Is Taj Mahal made of ivory-white marble changing its colour due to increasing pollution in surrounding areas? The Supreme Court has raised its concern over the issue and has asked the Centre and UP government to take the assistance of international experts to preserve the monument. It is feared that the white monument is turning brownish and greenish in colour. The Apex Court has asked the government to consult renowned experts from the country and abroad to preserve the historical monument.

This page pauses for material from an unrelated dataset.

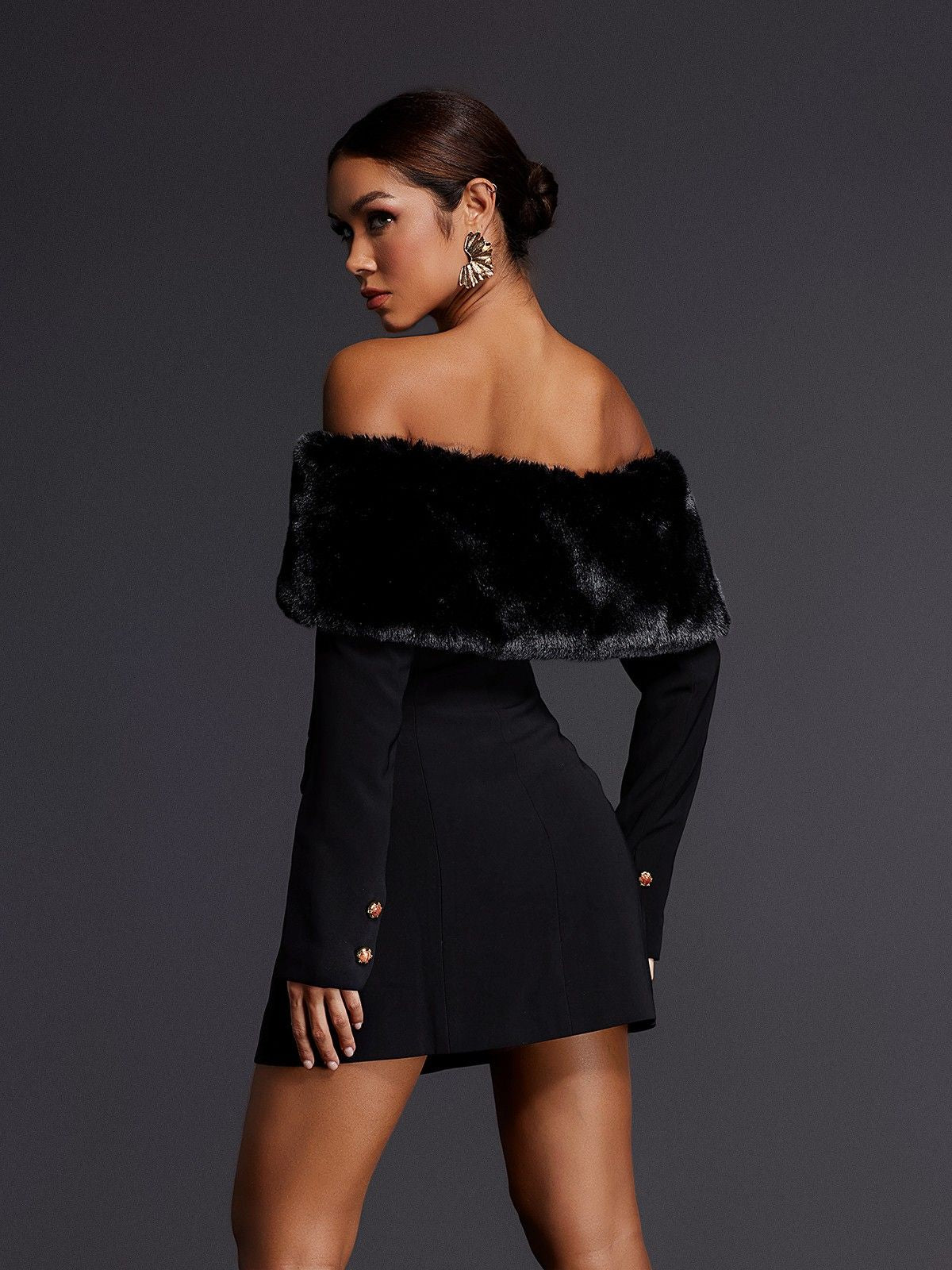 Aditi Yapay Kürk Düğmeli Mini Elbise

The monument which survived the bomb threat from Japanese air attack during second world war is now facing threat of different sorts, that is, threats from environmental pollution on the banks of the Yamuna River including acid rain due to the Mathura Oil Refinery. Pollution has been a matter of grave concern for conservationists who feared that poor air quality will ultimately destroy world’s one of the seven wonders. In 2001, all the polluting units within the vicinity of Taj Mahal were ordered to be closed. However, the monument continues to reel under the onslaught of suspended particulate matter (spm) and sulphur dioxide (so2).
Advocate M C Mehta has been fighting a legal battle for the last three decades for preserving the monument. According to him both the Central and the state governments have failed in their duty to preserve the monument.
To help control the pollution, the government set up the Taj Trapezium Zone (TTZ), a 10,400-square-kilometre (4,000 sq mile) area around the monument where strict emissions standards are put in place. The Apex Court has been monitoring the environment concerns of the monument for the last 31 years after it was contended that growing pollution level in Agra posed serious danger to the Taj. It had restrained authorities from cutting down any tree in the TZZ. However, deterioration is continuing as indicated by the rise in spm and so2 levels.